» **How to complete this task**: Write out every entry precisely as given, leaving the pictures out.
___
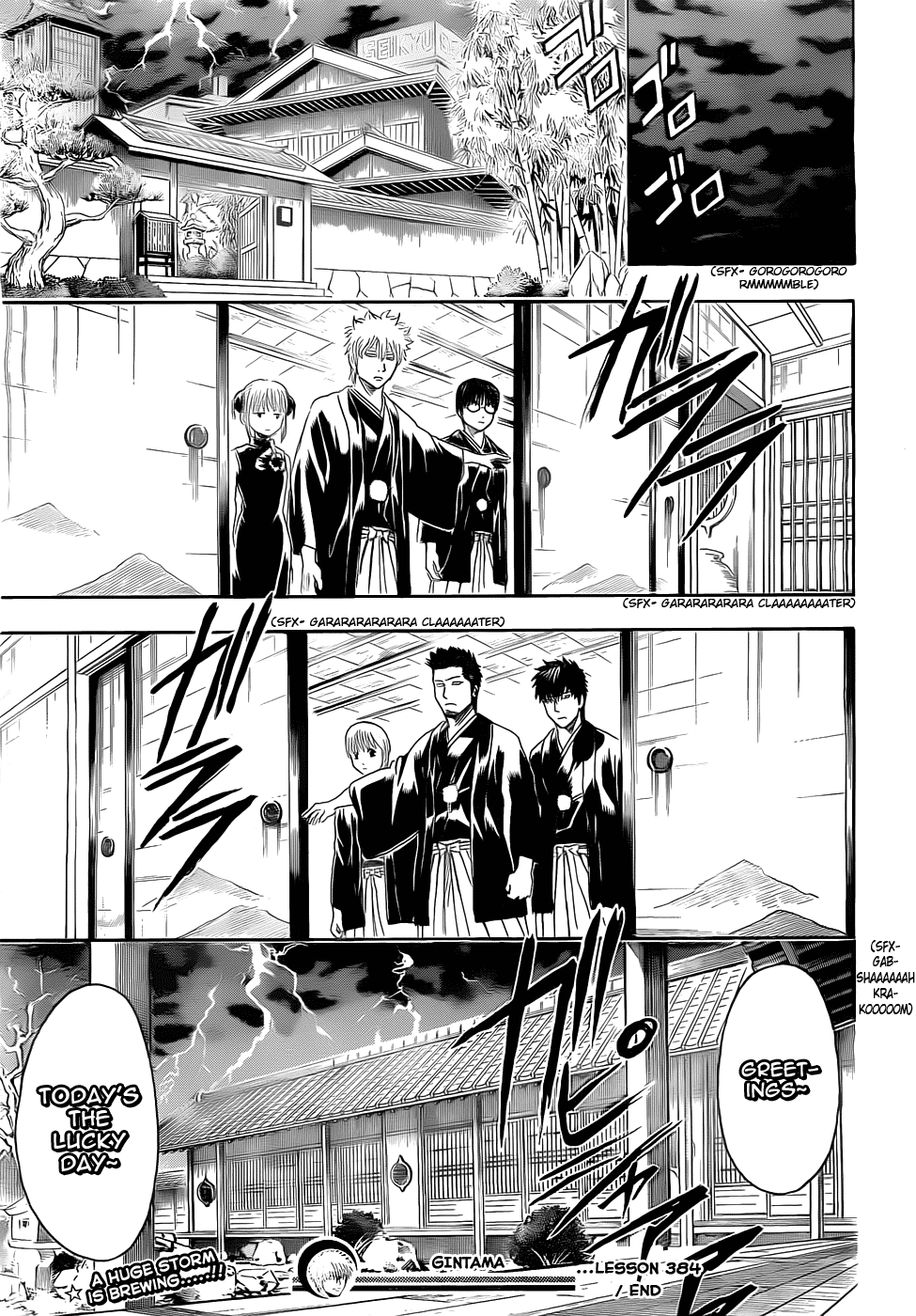 Read Gintama ENGLISH Manga Online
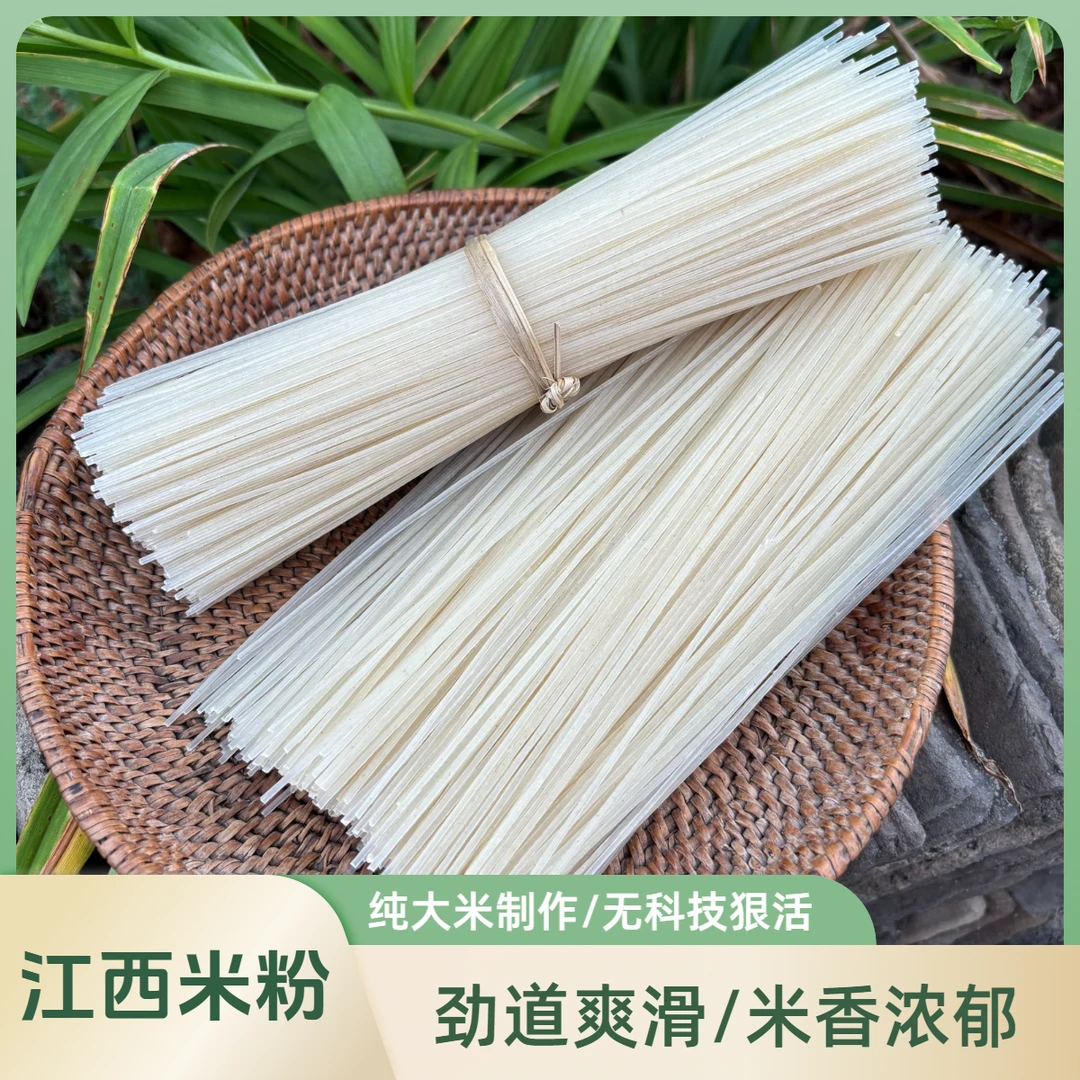 江西米粉正宗纯大米米线炒粉汤粉拌粉中粗1.45不加淀粉不加科技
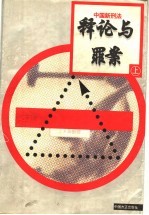 中国新刑法释论与罪案 上 第2版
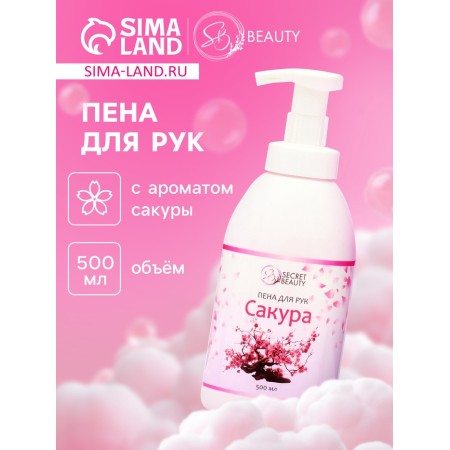 Hand foam with sakura aroma, 500 ml
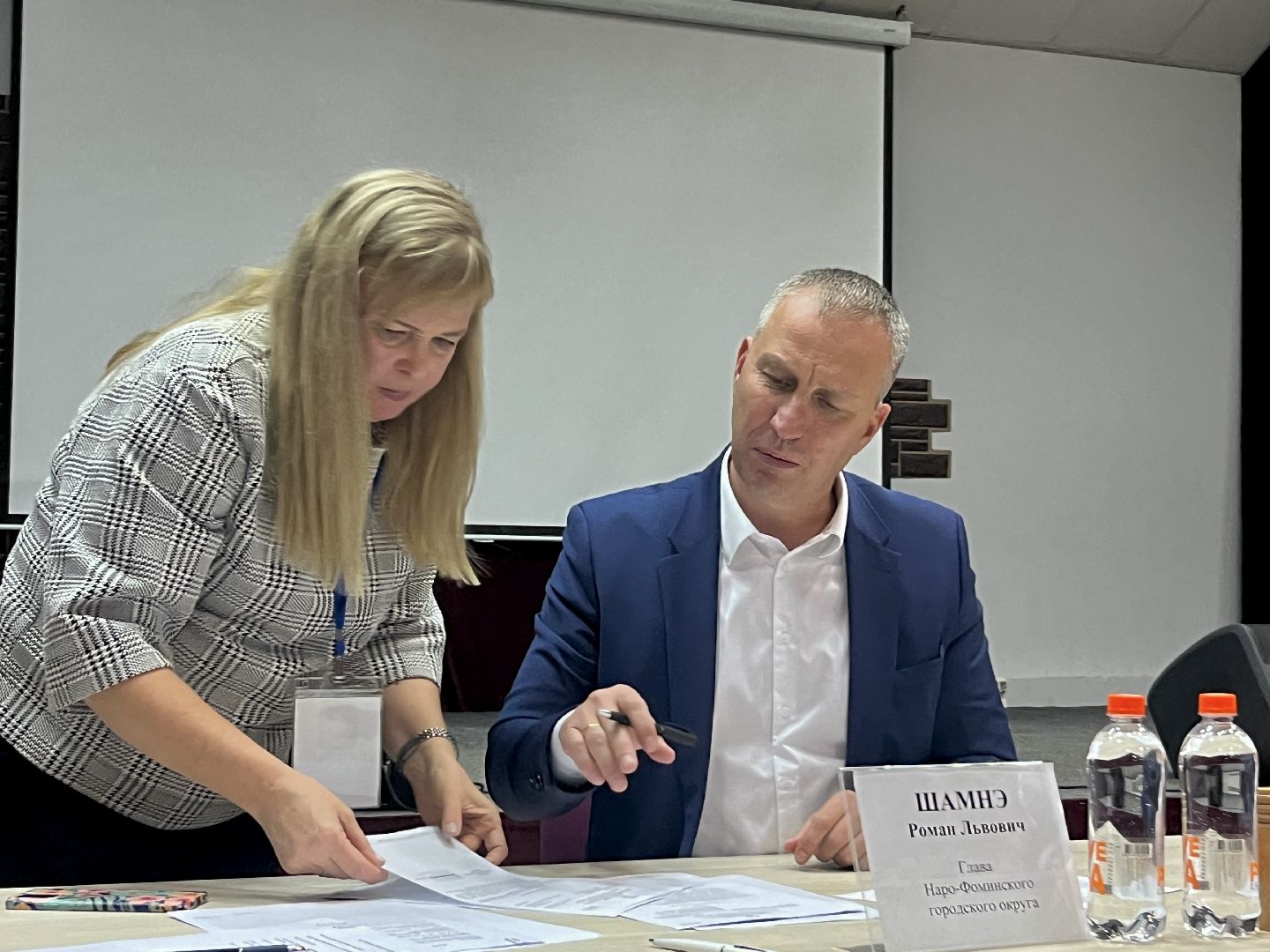 выездная администрация, жкх и благоустройство, Антон велиховский,наро-фоминский городской округ, роман шамнэ,Вертикалка, вертикальное видео,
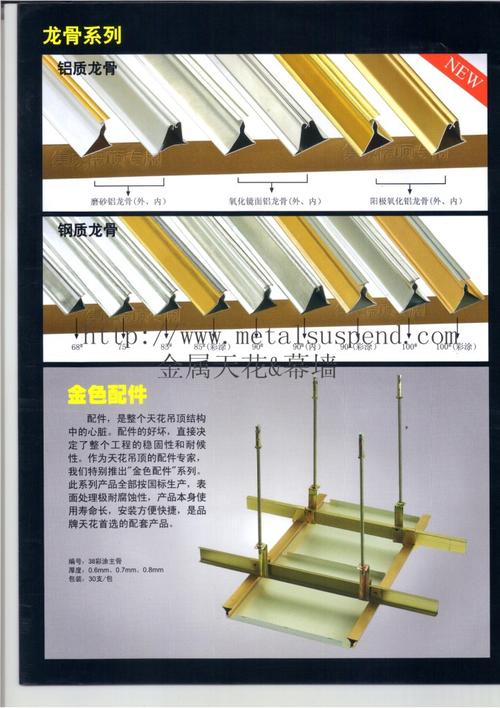 铝合金龙骨（铝合金龙骨每米多重）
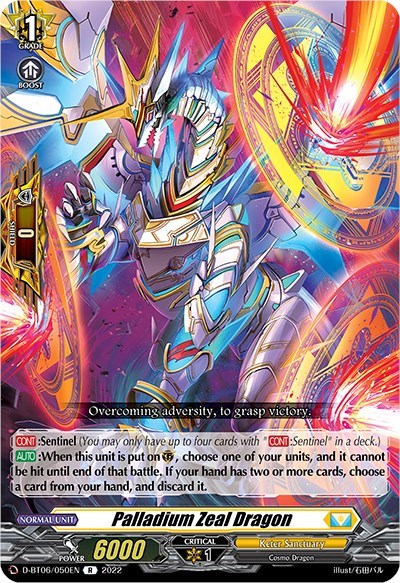 Palladium Zeal Dragon [D Format] D-BT06/050EN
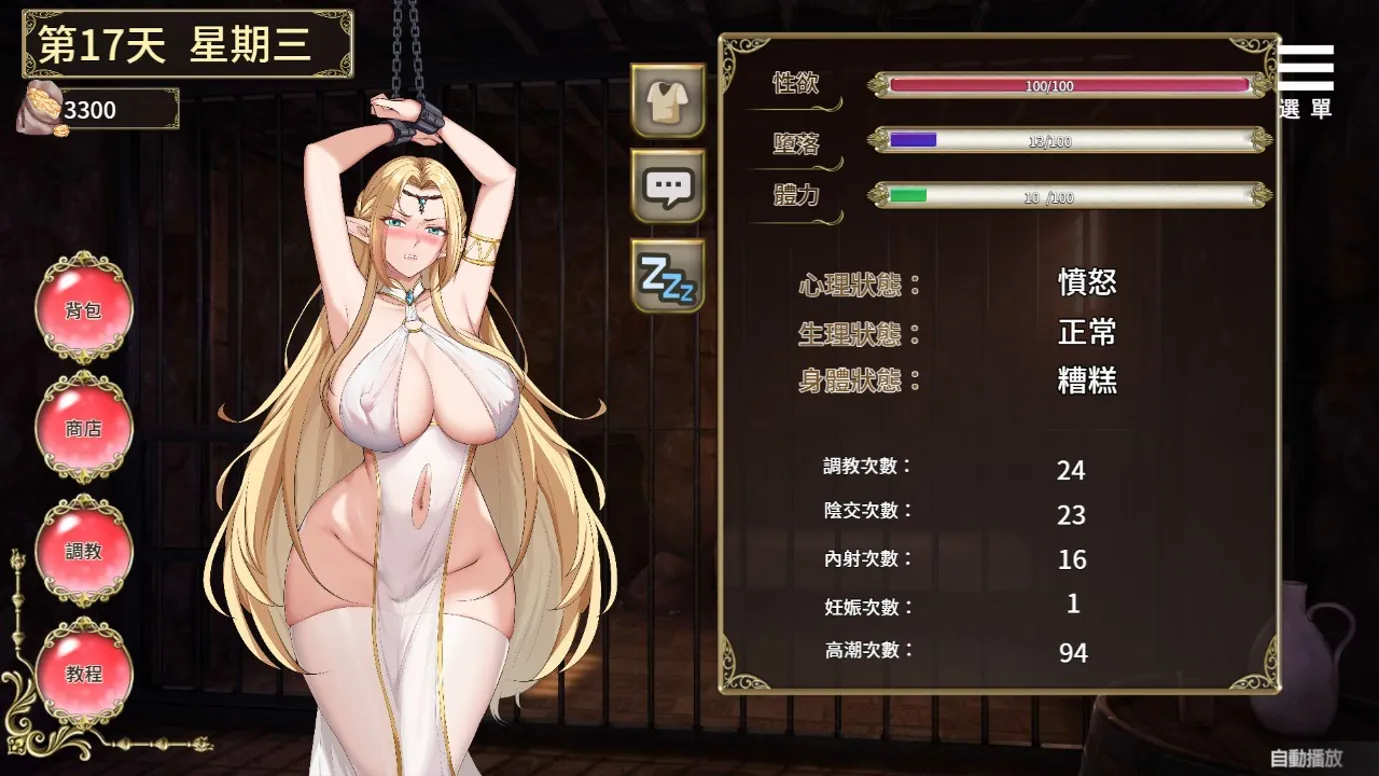 【日系SLG/官中/NTR】堕落精灵·芙蕾雅 堕落エルフ・フレイヤ DL官方中文版【645M】-第5张图片-萌站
___
» **Answer to this task**:
 Read Gintama ENGLISH Manga Online
 江西米粉正宗纯大米米线炒粉汤粉拌粉中粗1.45不加淀粉不加科技
 中国新刑法释论与罪案 上 第2版
 Hand foam with sakura aroma, 500 ml
 выездная администрация, жкх и благоустройство, Антон велиховский,наро-фоминский городской округ, роман шамнэ,Вертикалка, вертикальное видео,
 铝合金龙骨（铝合金龙骨每米多重）
 Palladium Zeal Dragon [D Format] D-BT06/050EN
 【日系SLG/官中/NTR】堕落精灵·芙蕾雅 堕落エルフ・フレイヤ DL官方中文版【645M】-第5张图片-萌站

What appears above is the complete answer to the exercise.